I have this equality: $$\lim_{x \to 0} \frac{e^{\sin(2x)}- e^{\arcsin(x)}}{x} = \lim_{x \to 0} \frac{e^{\sin(2x)}- 1}{x} \cdot \frac{\sin(2x)}{x} - \dfrac{e^{\arcsin(x)}-1}{\arcsin(x)}.\dfrac{\arcsin(x)}{x} $$
However I can not find where the -1 come from.
If I do
$$ \lim_{x \to 0} \frac{e^{\sin(2x)}}{x} \cdot \frac{\sin(2x)}{\sin(2x)}-\frac{e^{\arcsin(x)}}{x} \cdot \frac{\arcsin(x)}{\arcsin(x)} $$
I do not get the equality above and I really do not know how can I get from the right side of the equality to the left side.
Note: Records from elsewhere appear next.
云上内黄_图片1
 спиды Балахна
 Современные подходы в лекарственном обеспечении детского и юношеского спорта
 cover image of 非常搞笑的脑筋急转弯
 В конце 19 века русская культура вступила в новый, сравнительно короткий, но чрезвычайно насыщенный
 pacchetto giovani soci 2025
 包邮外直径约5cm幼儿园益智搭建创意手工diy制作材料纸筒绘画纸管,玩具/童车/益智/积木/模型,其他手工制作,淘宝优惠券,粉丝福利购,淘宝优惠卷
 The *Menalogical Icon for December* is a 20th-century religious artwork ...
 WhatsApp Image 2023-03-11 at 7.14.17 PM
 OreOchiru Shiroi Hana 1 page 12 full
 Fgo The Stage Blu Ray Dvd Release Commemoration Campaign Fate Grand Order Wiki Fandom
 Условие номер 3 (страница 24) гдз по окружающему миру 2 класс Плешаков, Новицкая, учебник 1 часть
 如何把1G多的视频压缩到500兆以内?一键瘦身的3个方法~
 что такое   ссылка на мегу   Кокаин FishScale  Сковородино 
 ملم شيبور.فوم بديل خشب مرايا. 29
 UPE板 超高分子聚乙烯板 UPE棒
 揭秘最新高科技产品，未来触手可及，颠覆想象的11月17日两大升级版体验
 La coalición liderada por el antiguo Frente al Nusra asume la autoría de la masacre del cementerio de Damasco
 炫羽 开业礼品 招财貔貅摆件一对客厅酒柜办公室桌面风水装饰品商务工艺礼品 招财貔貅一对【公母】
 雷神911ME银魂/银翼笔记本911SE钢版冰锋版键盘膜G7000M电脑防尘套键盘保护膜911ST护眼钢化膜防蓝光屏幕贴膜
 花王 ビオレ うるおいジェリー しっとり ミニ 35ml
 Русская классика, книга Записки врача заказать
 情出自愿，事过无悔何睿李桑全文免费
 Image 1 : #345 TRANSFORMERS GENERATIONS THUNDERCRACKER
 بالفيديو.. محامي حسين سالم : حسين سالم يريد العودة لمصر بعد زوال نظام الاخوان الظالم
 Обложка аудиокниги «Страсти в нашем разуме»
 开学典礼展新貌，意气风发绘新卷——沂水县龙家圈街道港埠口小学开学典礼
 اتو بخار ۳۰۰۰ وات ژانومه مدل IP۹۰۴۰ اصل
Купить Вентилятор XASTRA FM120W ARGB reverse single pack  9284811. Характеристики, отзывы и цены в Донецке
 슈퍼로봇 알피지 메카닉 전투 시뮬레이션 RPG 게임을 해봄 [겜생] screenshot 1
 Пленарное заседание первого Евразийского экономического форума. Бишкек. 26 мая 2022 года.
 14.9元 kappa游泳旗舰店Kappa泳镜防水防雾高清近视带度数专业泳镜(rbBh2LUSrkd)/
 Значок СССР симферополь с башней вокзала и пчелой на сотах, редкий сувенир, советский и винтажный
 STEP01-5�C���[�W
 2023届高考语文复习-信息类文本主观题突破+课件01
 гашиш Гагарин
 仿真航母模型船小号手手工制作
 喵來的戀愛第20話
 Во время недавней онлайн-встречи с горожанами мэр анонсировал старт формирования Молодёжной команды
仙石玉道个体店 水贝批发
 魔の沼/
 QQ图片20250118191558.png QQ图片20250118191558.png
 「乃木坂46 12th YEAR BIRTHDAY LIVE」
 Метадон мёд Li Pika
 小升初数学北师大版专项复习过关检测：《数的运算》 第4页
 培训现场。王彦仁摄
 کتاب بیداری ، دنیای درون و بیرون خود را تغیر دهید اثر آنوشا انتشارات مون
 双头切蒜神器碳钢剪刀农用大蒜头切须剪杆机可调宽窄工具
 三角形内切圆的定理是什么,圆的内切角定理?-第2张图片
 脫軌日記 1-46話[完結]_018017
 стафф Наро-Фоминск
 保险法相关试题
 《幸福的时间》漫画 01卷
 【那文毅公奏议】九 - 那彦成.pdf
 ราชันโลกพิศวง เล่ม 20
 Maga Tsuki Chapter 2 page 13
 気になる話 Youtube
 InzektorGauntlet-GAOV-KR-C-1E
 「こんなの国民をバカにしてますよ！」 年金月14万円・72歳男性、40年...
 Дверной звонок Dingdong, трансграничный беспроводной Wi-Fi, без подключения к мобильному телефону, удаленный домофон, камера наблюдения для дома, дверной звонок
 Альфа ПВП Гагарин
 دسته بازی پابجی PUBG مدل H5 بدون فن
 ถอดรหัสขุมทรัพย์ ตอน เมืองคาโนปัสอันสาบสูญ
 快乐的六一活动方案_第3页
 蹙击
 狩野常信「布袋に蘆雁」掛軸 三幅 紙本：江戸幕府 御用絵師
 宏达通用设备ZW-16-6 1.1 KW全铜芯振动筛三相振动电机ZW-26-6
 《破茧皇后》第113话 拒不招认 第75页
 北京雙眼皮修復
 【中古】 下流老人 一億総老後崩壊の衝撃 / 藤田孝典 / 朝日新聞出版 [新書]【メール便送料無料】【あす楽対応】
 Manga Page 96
Where is the -1 come from?
It is just \begin{align} \frac{e^{\sin 2x}-e^{\arcsin x}}{x} & = \frac{e^{\sin 2x}-1+1-e^{\arcsin x}}{x}\\ & = \frac{e^{\sin 2x}-1}{x}-\frac{e^{\arcsin x}-1}{x}, \end{align} and then $$\frac{e^{\sin 2x}-1}{x}-\frac{e^{\arcsin x}-1}{x}= \frac{e^{\sin 2x}-1}{\sin 2x}\frac{\sin 2x}{x}-\frac{e^{\arcsin x}-1}{\arcsin x}\frac{\arcsin x}{x}. $$ Now pass to the limit for $x \to 0$.